A London-based startup has trained an artificial intelligence model on 4.1 million recipes written in seven different languages, then compressed the entire dataset into a single 2-megabyte file. The achievement suggests that vast amounts of culinary knowledge can be distilled into a tiny digital footprint, raising questions about how much data is really needed for AI to understand cooking patterns.
The recipe trove
The startup gathered recipes from online sources, cookbooks, and user submissions across English, Spanish, French, German, Italian, Chinese, and Arabic. That’s 4.1 million distinct dishes — from a simple omelet to elaborate multi-step feasts.
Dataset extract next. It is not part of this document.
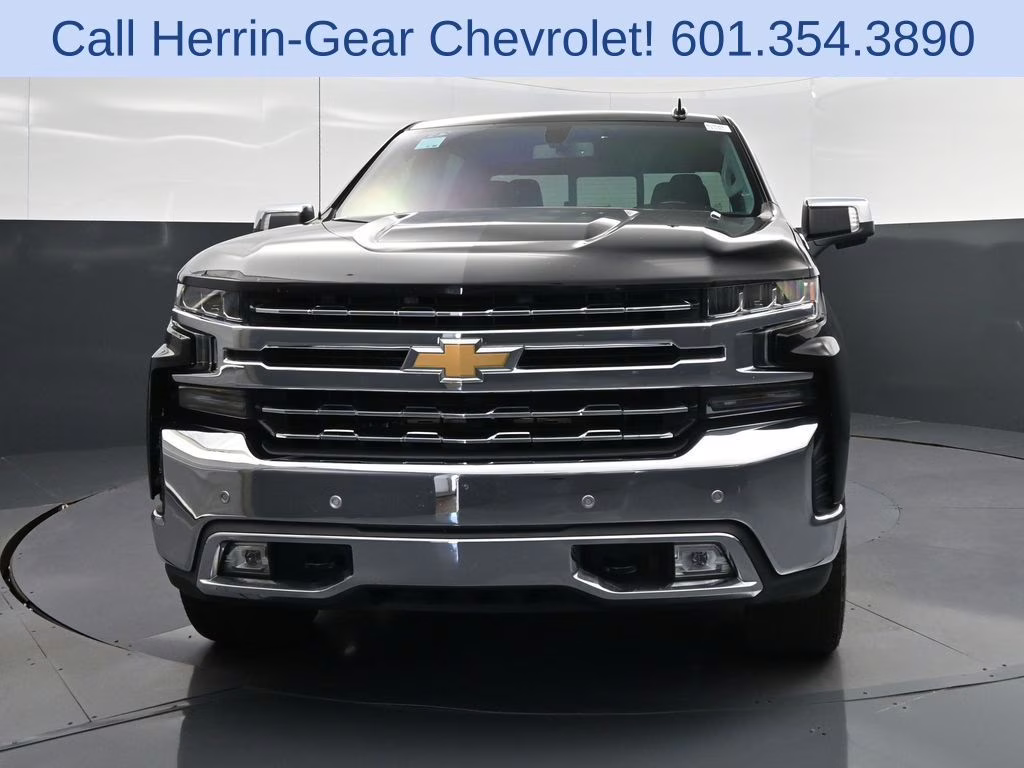 2021 Black Chevrolet Silverado 1500 LTZ 4X4 Truck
The model learned ingredient combinations, cooking techniques, and regional variations without memorizing every single instruction.
Instead of storing each recipe as a separate entry, the AI found the underlying structures: which spices pair with which proteins, how heat changes textures, what substitutions are common. The 2MB file holds the compressed essence of that knowledge.
Why size matters
Most large language models today require gigabytes or even terabytes of storage. A 2MB model that captures the same breadth of information could run on a smartphone, a smart appliance, or even a low-power chip. That opens up new possibilities — a fridge that suggests dinner based on what’s inside, or a portable device that translates a foreign recipe in real time.
The startup declined to share the exact architecture or training method, but said the compression was achieved by pruning redundant patterns and encoding only the most efficient representations of culinary logic. The model isn’t just a lookup table; it can infer missing ingredients or adjust portion sizes.
What it might be used for
So far the company hasn’t announced a product. Potential applications include personalized meal planning, cross-cultural recipe translation, nutritional analysis, and automated cooking assistants. A 2MB model could be embedded into kitchen gadgets without needing a cloud connection, meaning faster responses and better privacy.
But there’s a catch. The model was trained on 4.1 million recipes, yet the compressed version’s performance hasn’t been publicly benchmarked. Does it generate novel recipes as well as it classifies existing ones? Can it handle a cuisine it barely saw in training? The startup hasn’t released test results.
For now, the team is refining the approach and looking for partners in the food-tech industry. Whether the 2MB model will end up in a smart oven, a recipe app, or stay a research curiosity is the open question they’ll need to answer next.